The Conservatives will continue in government after yesterday’s federal election, but the election produced a radically changed Parliament and political climate. The Conservatives gained a majority after two unstable minority governments, while the left-wing New Democratic Party reduced the opposition Liberal Party to third-party status and almost eliminated the separatist Bloc Quebecois.
Nationally, the Conservatives only gained a swing of 1.9% nationwide, but there was a much larger shift amongst left-leaning voters. The Liberal Party’s vote dropped from 26.3% to 18.9%, while the NDP vote jumped from 18.2% to 30.7%. The Bloc Quebecois vote dropped from 10% to 6.1% nationally. The Green Party’s vote dropped from 6.8% to 3.9%.
The Conservatives won their long-sought majority, going from 143 to 167 seats. The Liberal Party’s seats collapsed from 77 to 34, with the NDP going from 37 to 102. The Bloc Quebecois, who have dominated Quebec’s seats in Ottawa since 1993, were almost wiped off the map, falling from 49 seats to 4. The Green Party’s leader Elizabeth May won the party’s first seat in the British Columbia riding of Saanich—Gulf Islands. This follows the success of Green parties in winning the first seats in national single-member parliamentary chambers in the United Kingdom and Australia over the last year.
There were few changes in the Western provinces. The numbers remained the same in Saskatchewan and Alberta, each of which elected an almost entirely Conservative delegation, with the exception of a single Liberal in Saskatchewan and a single NDP member in Alberta. The Conservatives won two of the NDP’s four seats in Manitoba. In British Columbia the Conservatives lost one of their seats to the Green Party while the NDP won three of the Liberal Party’s five seats.
In the Maritime Provinces, the NDP gained two seats off the Liberal Party and the Conservatives gained three. The main changes took place in the largest provinces of Quebec and Ontario. The Conservatives also won Yukon off the Liberal Party.
Ontario, Canada’s largest province, was dominated by the Liberal Party as recently as 2004, when the party held most seats in Toronto and Northern Ontario, and a majority in regional parts of Ontario. Over the last two elections the Conservatives and the NDP have made inroads, with the NDP dominating Northern Ontario and the Conservatives taking most seats in Central and Southern Ontario, but the Liberal Party held on to most of Toronto.
In 2011, the Liberal Party lost 26 of their 32 seats in Toronto, losing seats to the NDP, but losing many more to the Conservatives. The NDP had only held two seats in Toronto before this election, those held by NDP leader Jack Layton and his wife Olivia Chow. Six more NDP MPs were elected yesterday, along with an extra twenty Conservatives. Those twenty Conservatives gave the party the majority government it had long strived to win. The party didn’t make anywhere near enough progress outside Toronto to form a majority, and indeed went backwards in Quebec and British Columbia.

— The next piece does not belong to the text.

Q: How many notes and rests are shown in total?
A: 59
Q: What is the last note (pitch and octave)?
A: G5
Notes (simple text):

In Quebec, the result was much more dramatic. The Bloc Quebecois had dominated Quebec federal politics since 1993. At every election in that period they won between 38 and 54 seats out of a total of 75 in Quebec. They won 49 seats in 2008. This time around, the party was wiped out, with only four surviving. Bloc leader Gilles Duceppe lost his own seat, along with most of his caucus. Most of those seats went to the New Democratic Party, who have traditionally been locked out of Quebec.
The NDP won their first seat in Quebec at a 2007 by-election, and retained that one seat in 2008. This time they won 58 seats, including many they couldn’t have imagined they could win. A majority of the NDP’s new caucus comes from Quebec. The Liberal Party’s seats halved from 14 to 7, while the Conservatives went backwards from 10 to 6. The NDP dominated every region, winning most seats in the sparsely-populated north and northwest of the province. The party also won all seats in Quebec City and a large majority in Montreal. While the NDP did well in other regions, they would have been even with the Liberal Party on seats if it weren’t for the huge changes in Quebec.

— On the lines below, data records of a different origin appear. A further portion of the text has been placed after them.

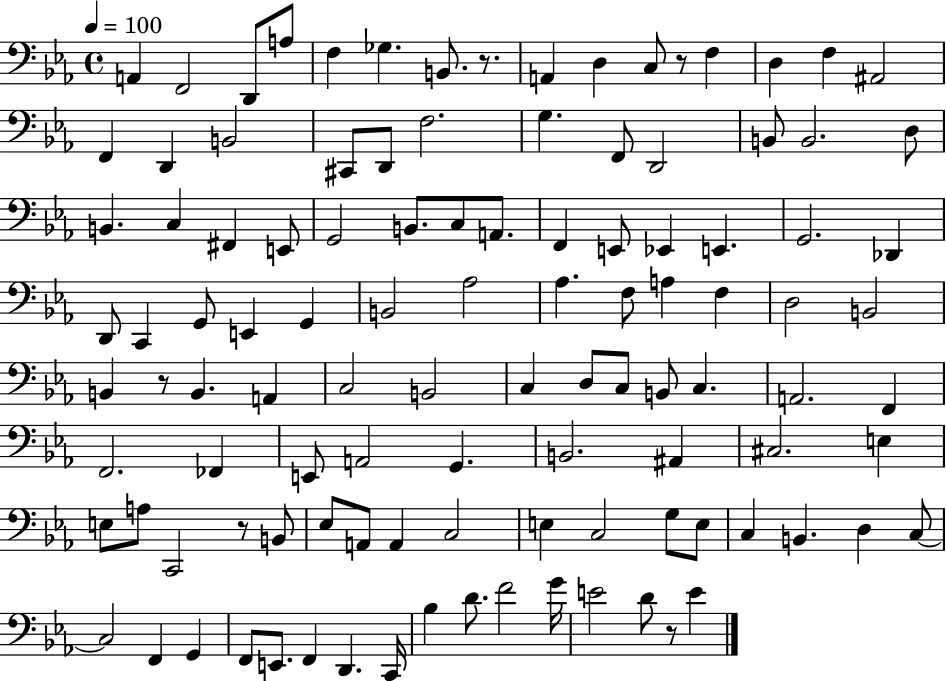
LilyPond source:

{
  \clef bass
  \time 4/4
  \defaultTimeSignature
  \key ees \major
  \tempo 4 = 100
  \repeat volta 2 { a,4 f,2 d,8 a8 | f4 ges4. b,8. r8. | a,4 d4 c8 r8 f4 | d4 f4 ais,2 | \break f,4 d,4 b,2 | cis,8 d,8 f2. | g4. f,8 d,2 | b,8 b,2. d8 | \break b,4. c4 fis,4 e,8 | g,2 b,8. c8 a,8. | f,4 e,8 ees,4 e,4. | g,2. des,4 | \break d,8 c,4 g,8 e,4 g,4 | b,2 aes2 | aes4. f8 a4 f4 | d2 b,2 | \break b,4 r8 b,4. a,4 | c2 b,2 | c4 d8 c8 b,8 c4. | a,2. f,4 | \break f,2. fes,4 | e,8 a,2 g,4. | b,2. ais,4 | cis2. e4 | \break e8 a8 c,2 r8 b,8 | ees8 a,8 a,4 c2 | e4 c2 g8 e8 | c4 b,4. d4 c8~~ | \break c2 f,4 g,4 | f,8 e,8. f,4 d,4. c,16 | bes4 d'8. f'2 g'16 | e'2 d'8 r8 e'4 | \break } \bar "|."
}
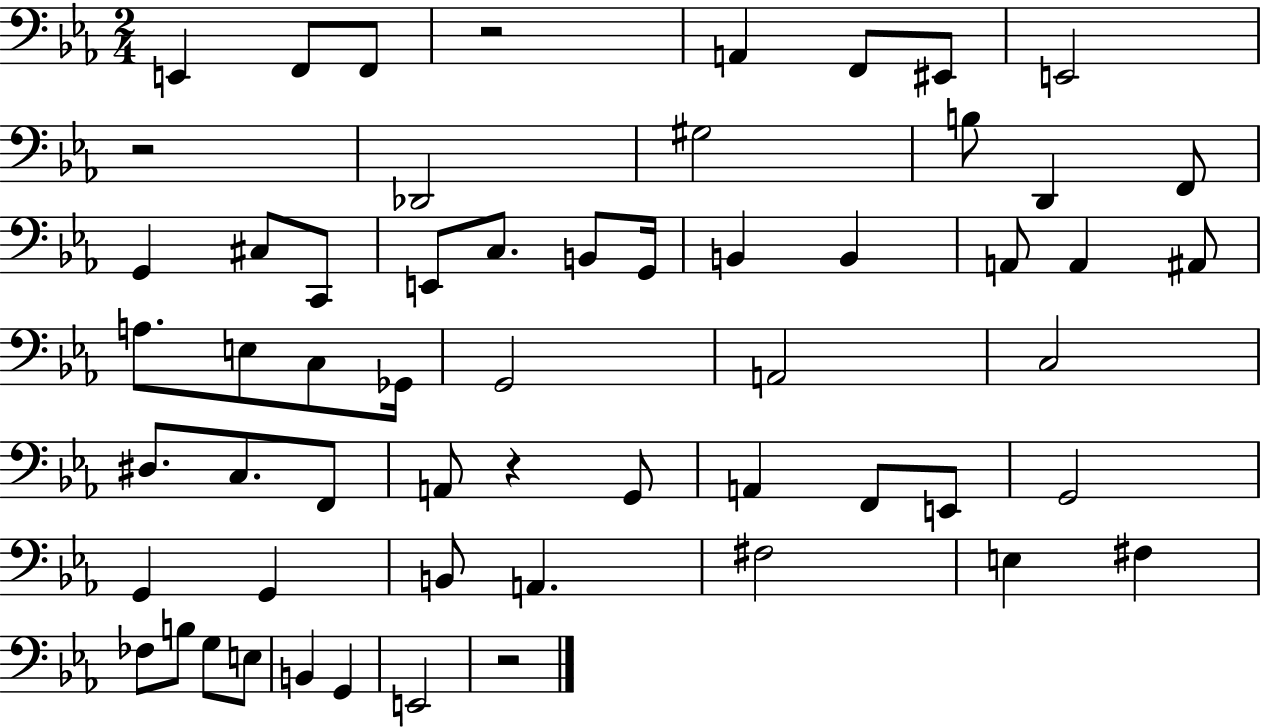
{
  \clef bass
  \numericTimeSignature
  \time 2/4
  \key ees \major
  e,4 f,8 f,8 | r2 | a,4 f,8 eis,8 | e,2 | \break r2 | des,2 | gis2 | b8 d,4 f,8 | \break g,4 cis8 c,8 | e,8 c8. b,8 g,16 | b,4 b,4 | a,8 a,4 ais,8 | \break a8. e8 c8 ges,16 | g,2 | a,2 | c2 | \break dis8. c8. f,8 | a,8 r4 g,8 | a,4 f,8 e,8 | g,2 | \break g,4 g,4 | b,8 a,4. | fis2 | e4 fis4 | \break fes8 b8 g8 e8 | b,4 g,4 | e,2 | r2 | \break \bar "|."
}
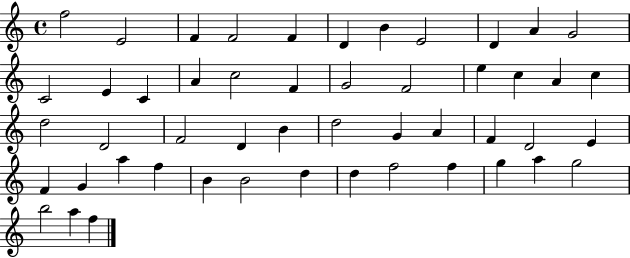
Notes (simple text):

F5/h E4/h F4/q F4/h F4/q D4/q B4/q E4/h D4/q A4/q G4/h C4/h E4/q C4/q A4/q C5/h F4/q G4/h F4/h E5/q C5/q A4/q C5/q D5/h D4/h F4/h D4/q B4/q D5/h G4/q A4/q F4/q D4/h E4/q F4/q G4/q A5/q F5/q B4/q B4/h D5/q D5/q F5/h F5/q G5/q A5/q G5/h B5/h A5/q F5/q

So how did the Conservatives manage to achieve their majority? There are two key explanations. The first centres on Toronto, where the Conservatives gained twenty seats. In the rest of the country the party lost five seats and gained nine. Without the Toronto gains we would have faced a third Conservative minority government. The Liberal Party lost 26 seats in the region, a majority of their 43 losses across the country.
The Conservatives also benefited enormously from vote-splitting amongst left-wing parties. Over 59% of votes were cast for the New Democratic Party, the Liberal Party, the Bloc Quebecois and the Green Party. There were many seats where strong campaigns from the NDP and collapsing Liberal votes allowed the Conservatives to gain the seat. I haven’t had an opportunity to do more detailed analysis, but I’m sure there’s many seats that the Conservatives wouldn’t have won under a preferential voting system. It is certainly true that a proportional voting system would make it very difficult for the Conservatives to ever form a government. There are many severe distortions in terms of vote numbers and seat numbers, both on a federal level and in different provinces. I may do another post on the implications for electoral reform from this election result later this week.
Since the rise of the Bloc Quebecois in 1993 and the rebuilding of the Conservatives in the early 2000s, it has been a theory that neither party could form a majority without making substantial inroads into Quebec. In 2008, Harper put a lot of effort into winning seats in Quebec. This time his strategy largely ignored the province, and he managed to form a government with his majority almost entirely based in the West and Ontario. This majority, however, was largely due to the complete collapse of the Liberal Party. If these seats are recovered by the centre-left in the future, either by the NDP absorbing what is left of the Liberal Party or the Liberals winning back NDP protest votes, it will become very hard for the Conservatives to continue in government. This election had many of the hallmarks of a Conservative landslide, but only produced a small majority in the best of times.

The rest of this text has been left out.